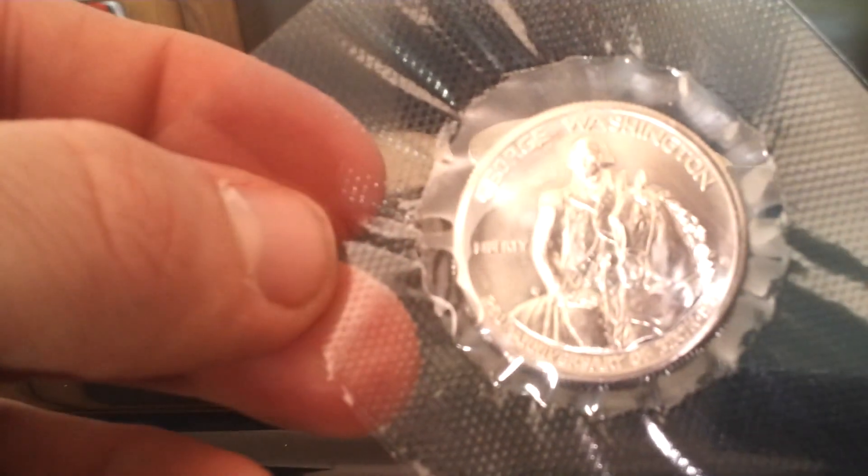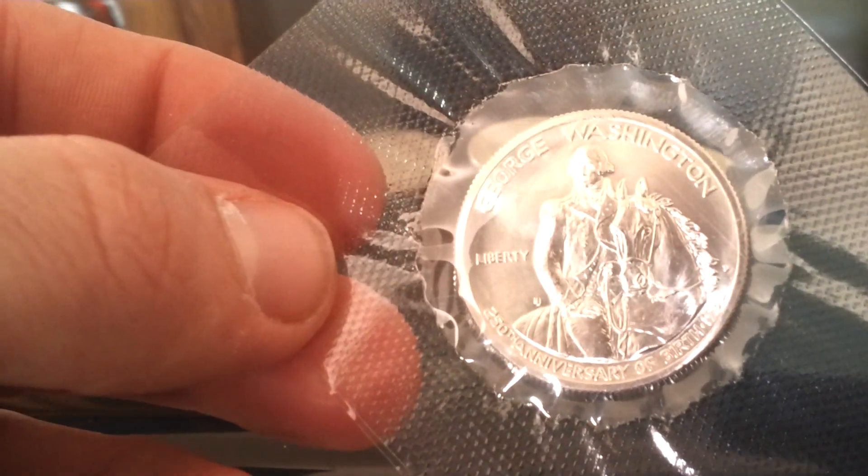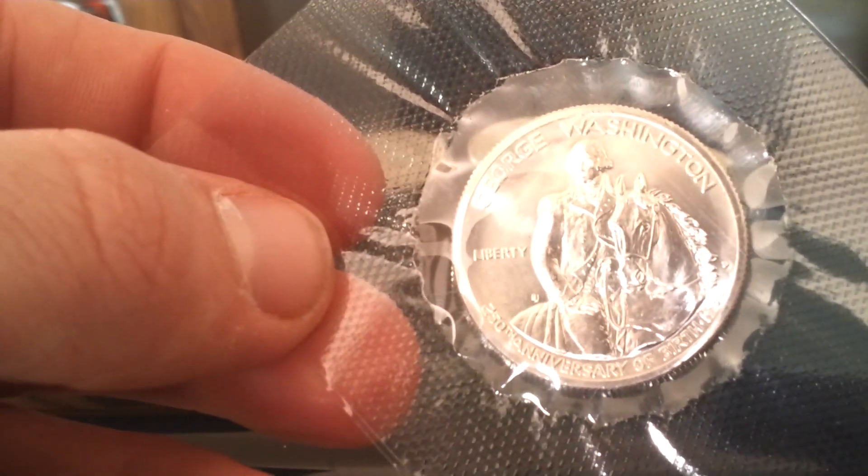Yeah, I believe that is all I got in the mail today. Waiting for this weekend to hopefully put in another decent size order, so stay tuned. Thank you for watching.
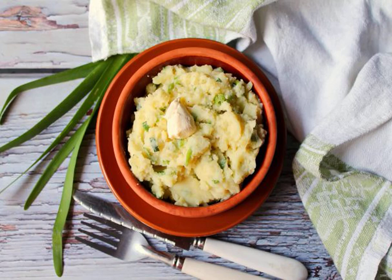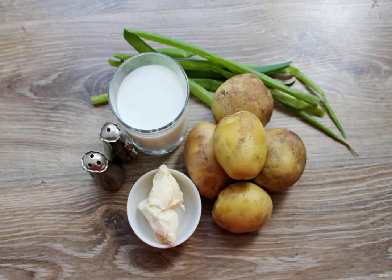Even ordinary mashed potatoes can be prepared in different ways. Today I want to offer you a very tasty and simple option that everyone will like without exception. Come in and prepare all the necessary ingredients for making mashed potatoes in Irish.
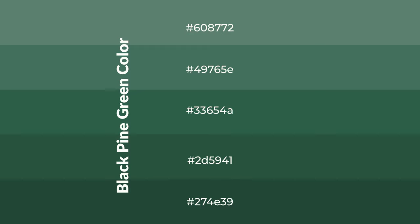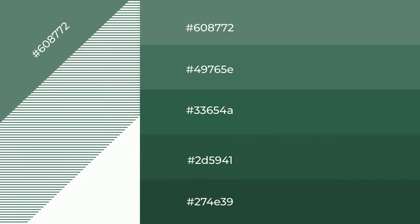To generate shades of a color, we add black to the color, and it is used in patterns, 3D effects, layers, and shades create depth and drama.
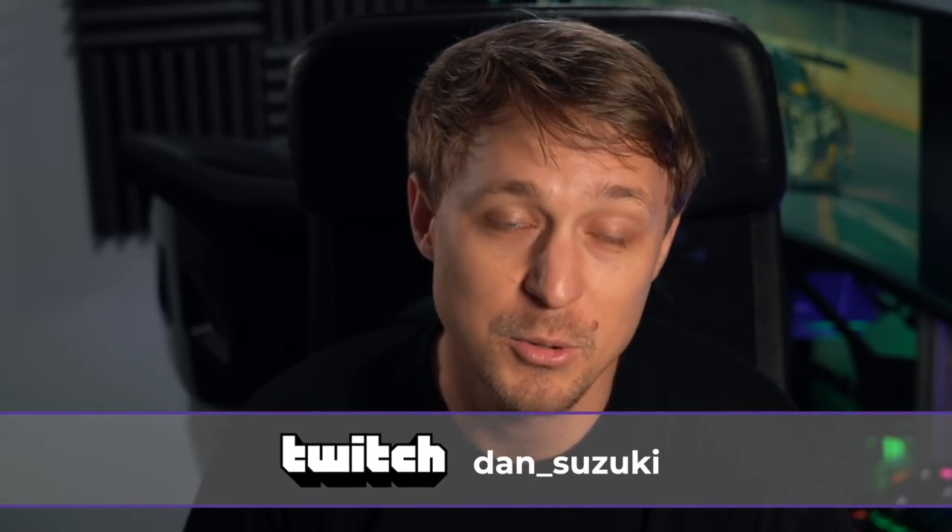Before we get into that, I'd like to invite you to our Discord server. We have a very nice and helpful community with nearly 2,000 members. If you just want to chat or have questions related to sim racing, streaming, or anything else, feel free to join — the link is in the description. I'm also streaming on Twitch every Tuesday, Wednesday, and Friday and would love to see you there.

*HOW TO COMPLETE THIS TASK*: Please copy out the whole listing exactly, minus its pictures.

*ANSWER SPACE*:
Yeah, I believe that is all I got in the mail today. Waiting for this weekend to hopefully put in another decent size order, so stay tuned. Thank you for watching.
Even ordinary mashed potatoes can be prepared in different ways. Today I want to offer you a very tasty and simple option that everyone will like without exception. Come in and prepare all the necessary ingredients for making mashed potatoes in Irish.
To generate shades of a color, we add black to the color, and it is used in patterns, 3D effects, layers, and shades create depth and drama.
Before we get into that, I'd like to invite you to our Discord server. We have a very nice and helpful community with nearly 2,000 members. If you just want to chat or have questions related to sim racing, streaming, or anything else, feel free to join — the link is in the description. I'm also streaming on Twitch every Tuesday, Wednesday, and Friday and would love to see you there.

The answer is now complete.